As for the float, this is OUR community and OUR parade.  We should have the right to honour whomever we wish amongst our people.  However, it might be necessary to back off a bit on this one.  A hard-hitting, graphic float about the Indian antiSikh actions of 1984 would make a point, I think.  A picture or two of a burning Sikh or a burnt Sikh might help the public to understand a bit about us.  A picture like this, blown up big might bring the reality of what we are talking about to the Canadian public.  
(See the picture attached.)  To see a larger, really gruesome image, copy/paste this in your browser box.

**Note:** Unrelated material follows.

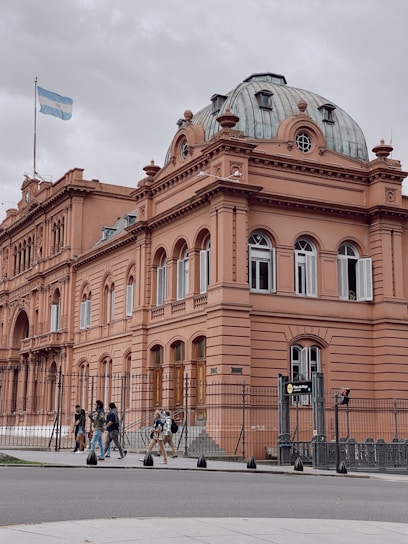 A historic, neoclassical building with a pink façade and a distinct domed roof. The structure is adorned with ornate architectural details and large windows, and the Argentine flag is flying at the top. A fenced area surrounds the building. Several people are walking along the sidewalk in front of the building.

flickr.com/photos/maisometimes2/3932258527/sizes/o/in/set-72157622282516999/












Lastly, this Sikh-on-Sikh violence must stop!  Whoever wrote the Dasam Granth, whether Darshan Singh is guilty or innocent, who should govern the gurudwara - all of these are issues that will never be settled by injuring or killing each other.  We have worked long and hard to build a vision of Sikhs as a law-biding, peaceful community whose initiated members could be trusted with our articles of faith, most notably the kirpan.  I see all that hard work lying in ashes around us, all the good-will we had built up evaporated into the air.  And, what really hurts, is that I cannot say that this is undeserved.  Certain members of our community have acted like savages.  They must feel the full weight of Canadian law.

Now that all that is said, the obvious question is who is targeting us now - and why. Perhaps I can write more about this later.


----------



## ballym (Apr 29, 2010)

LOOK WITHIN.
 Solution to any problem/ dilemma/trouble lies within you.
Ideally I would stop writing beyond this but words coming from Mai Ji were a little surprising.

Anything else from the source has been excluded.